* _Dataset records_:
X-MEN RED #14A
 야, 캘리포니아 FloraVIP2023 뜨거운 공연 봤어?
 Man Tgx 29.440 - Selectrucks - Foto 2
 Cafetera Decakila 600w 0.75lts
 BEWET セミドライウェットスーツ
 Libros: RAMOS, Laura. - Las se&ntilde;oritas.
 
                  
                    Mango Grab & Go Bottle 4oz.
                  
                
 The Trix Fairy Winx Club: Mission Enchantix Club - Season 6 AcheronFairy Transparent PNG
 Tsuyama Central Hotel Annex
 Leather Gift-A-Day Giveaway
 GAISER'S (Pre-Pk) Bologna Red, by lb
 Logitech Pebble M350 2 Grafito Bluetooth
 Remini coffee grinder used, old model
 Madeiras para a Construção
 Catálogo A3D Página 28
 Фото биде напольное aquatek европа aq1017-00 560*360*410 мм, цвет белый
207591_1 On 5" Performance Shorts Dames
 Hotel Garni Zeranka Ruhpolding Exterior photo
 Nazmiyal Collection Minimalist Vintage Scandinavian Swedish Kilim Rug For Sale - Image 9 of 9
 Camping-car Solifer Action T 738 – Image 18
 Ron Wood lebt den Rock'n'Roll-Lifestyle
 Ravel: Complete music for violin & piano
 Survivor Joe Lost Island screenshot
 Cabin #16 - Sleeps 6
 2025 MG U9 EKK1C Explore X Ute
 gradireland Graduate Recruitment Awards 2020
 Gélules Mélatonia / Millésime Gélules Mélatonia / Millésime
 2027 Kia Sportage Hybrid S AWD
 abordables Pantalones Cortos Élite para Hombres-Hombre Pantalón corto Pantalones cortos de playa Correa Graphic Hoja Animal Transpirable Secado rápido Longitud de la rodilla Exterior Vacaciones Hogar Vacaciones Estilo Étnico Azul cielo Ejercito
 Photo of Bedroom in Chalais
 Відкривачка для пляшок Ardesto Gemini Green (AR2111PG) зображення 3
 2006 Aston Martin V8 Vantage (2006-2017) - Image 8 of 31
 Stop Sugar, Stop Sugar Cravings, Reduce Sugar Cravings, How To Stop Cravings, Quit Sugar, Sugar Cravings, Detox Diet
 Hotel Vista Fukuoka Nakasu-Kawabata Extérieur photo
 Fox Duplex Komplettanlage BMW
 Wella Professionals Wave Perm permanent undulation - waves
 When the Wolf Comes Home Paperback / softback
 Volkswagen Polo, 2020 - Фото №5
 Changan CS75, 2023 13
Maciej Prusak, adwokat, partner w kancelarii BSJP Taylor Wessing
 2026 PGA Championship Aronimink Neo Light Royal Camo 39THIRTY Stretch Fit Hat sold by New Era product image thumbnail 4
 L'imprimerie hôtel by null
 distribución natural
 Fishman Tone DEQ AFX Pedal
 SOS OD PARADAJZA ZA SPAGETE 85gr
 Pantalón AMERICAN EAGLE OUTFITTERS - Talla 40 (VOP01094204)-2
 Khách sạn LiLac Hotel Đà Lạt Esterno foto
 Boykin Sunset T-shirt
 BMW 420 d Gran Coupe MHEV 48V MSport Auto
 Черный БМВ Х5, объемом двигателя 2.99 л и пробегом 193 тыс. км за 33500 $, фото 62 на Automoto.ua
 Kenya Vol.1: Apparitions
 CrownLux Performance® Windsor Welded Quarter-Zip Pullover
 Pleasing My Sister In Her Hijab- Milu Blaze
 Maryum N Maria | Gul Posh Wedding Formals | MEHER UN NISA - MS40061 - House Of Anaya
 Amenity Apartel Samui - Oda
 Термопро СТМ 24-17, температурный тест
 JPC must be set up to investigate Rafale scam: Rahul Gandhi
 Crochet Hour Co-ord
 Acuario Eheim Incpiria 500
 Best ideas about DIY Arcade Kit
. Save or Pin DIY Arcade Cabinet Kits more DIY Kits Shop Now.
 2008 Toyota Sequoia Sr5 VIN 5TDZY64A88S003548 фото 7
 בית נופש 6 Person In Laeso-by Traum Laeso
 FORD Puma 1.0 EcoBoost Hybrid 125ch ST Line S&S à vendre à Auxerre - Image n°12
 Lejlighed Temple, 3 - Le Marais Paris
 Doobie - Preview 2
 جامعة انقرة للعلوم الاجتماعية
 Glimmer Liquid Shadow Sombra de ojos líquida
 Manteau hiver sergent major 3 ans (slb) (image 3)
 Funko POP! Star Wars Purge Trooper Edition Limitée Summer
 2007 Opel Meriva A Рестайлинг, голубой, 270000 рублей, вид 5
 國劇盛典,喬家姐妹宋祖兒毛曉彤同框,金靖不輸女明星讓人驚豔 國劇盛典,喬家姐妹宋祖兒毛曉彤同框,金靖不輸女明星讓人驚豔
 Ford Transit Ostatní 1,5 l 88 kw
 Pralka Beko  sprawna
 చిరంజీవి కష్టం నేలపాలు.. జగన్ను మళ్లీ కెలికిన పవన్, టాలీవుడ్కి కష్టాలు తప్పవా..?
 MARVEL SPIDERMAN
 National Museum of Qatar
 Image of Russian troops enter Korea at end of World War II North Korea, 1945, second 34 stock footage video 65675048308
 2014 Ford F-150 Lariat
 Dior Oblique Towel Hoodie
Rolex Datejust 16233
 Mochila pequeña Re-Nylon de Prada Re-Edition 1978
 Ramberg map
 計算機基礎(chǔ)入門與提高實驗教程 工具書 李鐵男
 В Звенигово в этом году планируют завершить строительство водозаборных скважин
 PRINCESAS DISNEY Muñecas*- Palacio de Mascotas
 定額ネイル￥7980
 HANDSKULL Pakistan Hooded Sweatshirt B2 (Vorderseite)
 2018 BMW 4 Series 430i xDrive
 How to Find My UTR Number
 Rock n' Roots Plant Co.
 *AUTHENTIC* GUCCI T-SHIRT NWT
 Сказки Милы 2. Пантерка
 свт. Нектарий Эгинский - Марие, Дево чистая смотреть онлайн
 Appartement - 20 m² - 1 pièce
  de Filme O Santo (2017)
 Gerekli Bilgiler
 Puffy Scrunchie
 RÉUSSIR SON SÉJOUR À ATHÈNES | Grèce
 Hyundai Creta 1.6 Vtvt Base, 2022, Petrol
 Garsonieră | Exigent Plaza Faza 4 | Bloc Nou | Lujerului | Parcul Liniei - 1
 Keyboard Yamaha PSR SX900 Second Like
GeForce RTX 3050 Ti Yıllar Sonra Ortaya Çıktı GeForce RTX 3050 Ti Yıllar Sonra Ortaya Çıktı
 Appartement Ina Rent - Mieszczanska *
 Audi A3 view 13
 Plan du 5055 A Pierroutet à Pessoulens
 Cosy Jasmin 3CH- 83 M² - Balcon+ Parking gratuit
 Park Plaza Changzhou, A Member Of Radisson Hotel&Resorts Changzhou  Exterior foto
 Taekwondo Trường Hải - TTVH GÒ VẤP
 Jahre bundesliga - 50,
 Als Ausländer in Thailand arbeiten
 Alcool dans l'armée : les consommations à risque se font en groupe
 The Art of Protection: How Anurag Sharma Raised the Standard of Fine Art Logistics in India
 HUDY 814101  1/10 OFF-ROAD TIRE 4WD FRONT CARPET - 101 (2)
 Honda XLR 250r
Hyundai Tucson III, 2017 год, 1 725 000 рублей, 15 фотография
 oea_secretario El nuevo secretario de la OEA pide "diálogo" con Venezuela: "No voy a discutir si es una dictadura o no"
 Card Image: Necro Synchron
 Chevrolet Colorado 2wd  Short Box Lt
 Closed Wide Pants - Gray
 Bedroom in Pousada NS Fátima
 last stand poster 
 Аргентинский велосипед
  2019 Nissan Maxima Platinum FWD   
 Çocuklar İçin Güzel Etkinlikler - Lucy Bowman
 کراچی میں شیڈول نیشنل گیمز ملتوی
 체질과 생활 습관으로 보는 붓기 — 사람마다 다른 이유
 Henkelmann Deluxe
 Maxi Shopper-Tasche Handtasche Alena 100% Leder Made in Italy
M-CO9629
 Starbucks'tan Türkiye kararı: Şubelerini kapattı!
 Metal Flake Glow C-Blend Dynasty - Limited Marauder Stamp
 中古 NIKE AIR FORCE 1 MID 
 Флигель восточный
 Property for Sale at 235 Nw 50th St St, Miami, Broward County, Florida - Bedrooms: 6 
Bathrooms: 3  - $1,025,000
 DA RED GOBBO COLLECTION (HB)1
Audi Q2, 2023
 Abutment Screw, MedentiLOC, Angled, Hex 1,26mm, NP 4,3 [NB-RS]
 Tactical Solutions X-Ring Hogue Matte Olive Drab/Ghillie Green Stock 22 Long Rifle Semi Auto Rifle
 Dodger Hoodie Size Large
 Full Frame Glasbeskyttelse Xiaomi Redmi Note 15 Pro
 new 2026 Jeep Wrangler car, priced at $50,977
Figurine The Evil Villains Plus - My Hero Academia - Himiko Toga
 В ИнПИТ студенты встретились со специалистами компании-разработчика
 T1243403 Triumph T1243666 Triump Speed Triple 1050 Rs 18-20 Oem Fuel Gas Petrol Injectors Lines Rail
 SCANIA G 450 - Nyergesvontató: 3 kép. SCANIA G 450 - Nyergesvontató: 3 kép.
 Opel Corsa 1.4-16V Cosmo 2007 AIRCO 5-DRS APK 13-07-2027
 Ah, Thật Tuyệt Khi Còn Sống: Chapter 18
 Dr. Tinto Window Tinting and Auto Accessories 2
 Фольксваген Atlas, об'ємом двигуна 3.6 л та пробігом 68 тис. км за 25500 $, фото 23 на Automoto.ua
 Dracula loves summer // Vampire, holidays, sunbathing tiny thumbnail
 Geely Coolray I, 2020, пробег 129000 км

* _Problem requirements_: Print again the lines of the entries above that fall between the line holding "Rolex Datejust 16233" and the line holding "Park Plaza Changzhou, A", inclusive, exactly as they stand.

* _The answer_:
Rolex Datejust 16233
 Mochila pequeña Re-Nylon de Prada Re-Edition 1978
 Ramberg map
 計算機基礎(chǔ)入門與提高實驗教程 工具書 李鐵男
 В Звенигово в этом году планируют завершить строительство водозаборных скважин
 PRINCESAS DISNEY Muñecas*- Palacio de Mascotas
 定額ネイル￥7980
 HANDSKULL Pakistan Hooded Sweatshirt B2 (Vorderseite)
 2018 BMW 4 Series 430i xDrive
 How to Find My UTR Number
 Rock n' Roots Plant Co.
 *AUTHENTIC* GUCCI T-SHIRT NWT
 Сказки Милы 2. Пантерка
 свт. Нектарий Эгинский - Марие, Дево чистая смотреть онлайн
 Appartement - 20 m² - 1 pièce
  de Filme O Santo (2017)
 Gerekli Bilgiler
 Puffy Scrunchie
 RÉUSSIR SON SÉJOUR À ATHÈNES | Grèce
 Hyundai Creta 1.6 Vtvt Base, 2022, Petrol
 Garsonieră | Exigent Plaza Faza 4 | Bloc Nou | Lujerului | Parcul Liniei - 1
 Keyboard Yamaha PSR SX900 Second Like
GeForce RTX 3050 Ti Yıllar Sonra Ortaya Çıktı GeForce RTX 3050 Ti Yıllar Sonra Ortaya Çıktı
 Appartement Ina Rent - Mieszczanska *
 Audi A3 view 13
 Plan du 5055 A Pierroutet à Pessoulens
 Cosy Jasmin 3CH- 83 M² - Balcon+ Parking gratuit
 Park Plaza Changzhou, A Member Of Radisson Hotel&Resorts Changzhou  Exterior foto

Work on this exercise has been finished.